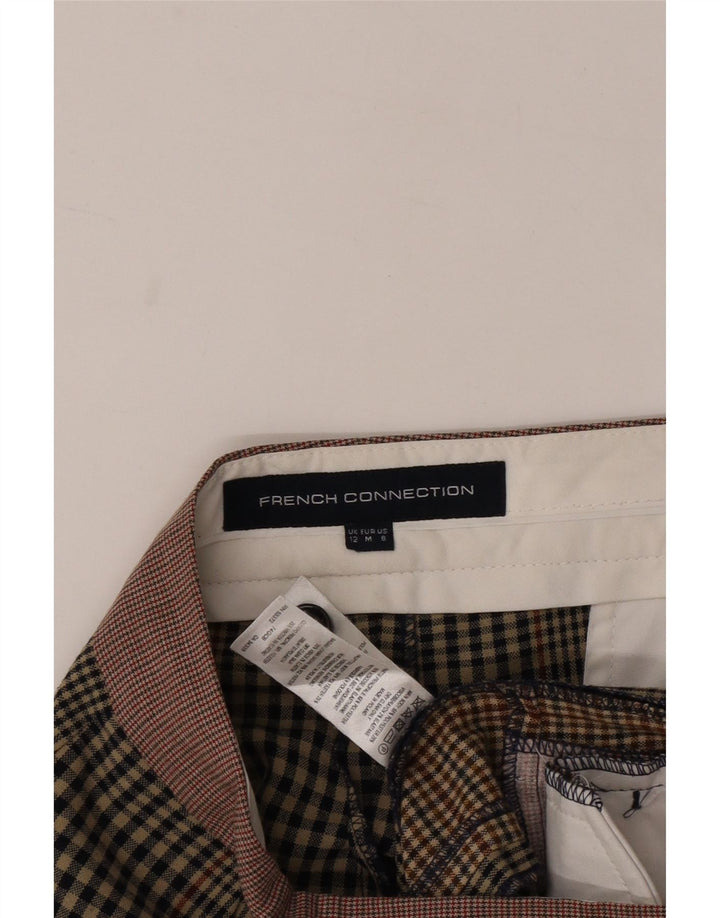 French Connection Chinobukser til kvinder UK 12 Medium W32 L28 Flerfarvet
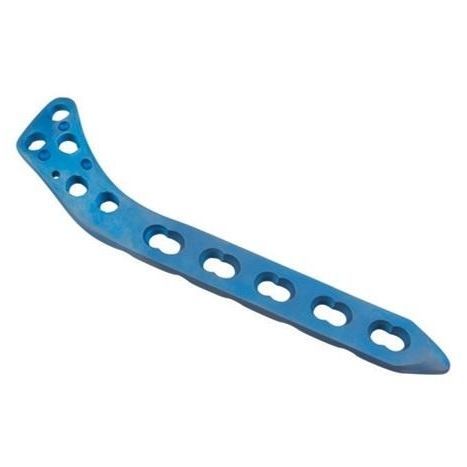 Kompressionsplatte für Tibia - 03111201 - Truemed Group - proximal / mit Verriegelung / Metall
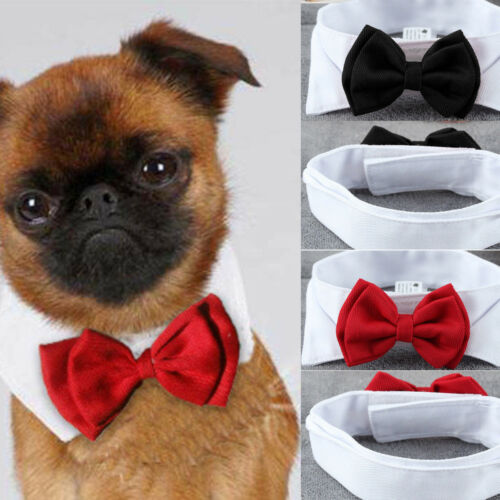 Mode Verstelbare Bow Tie-Kraag Stropdas Strik Kleding Voor Puppy Pet Hond Kat Hond Strikje Hond kraag Formele Gelegenheid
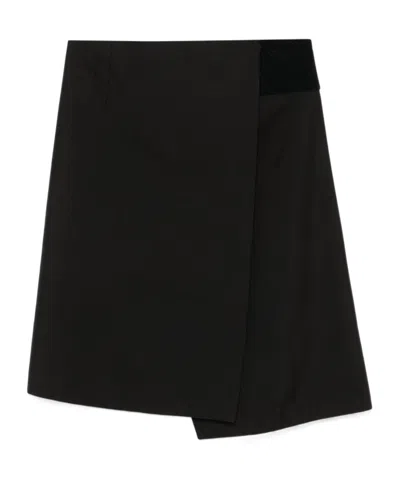 Alaïa Wrap Skirt In 995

##########

### About this task
Begin at the line containing "Mode Verstelbare Bow" and copy every line through the end of the data above exactly, omitting the pictures.

### Result of this task
 Mode Verstelbare Bow Tie-Kraag Stropdas Strik Kleding Voor Puppy Pet Hond Kat Hond Strikje Hond kraag Formele Gelegenheid
 Alaïa Wrap Skirt In 995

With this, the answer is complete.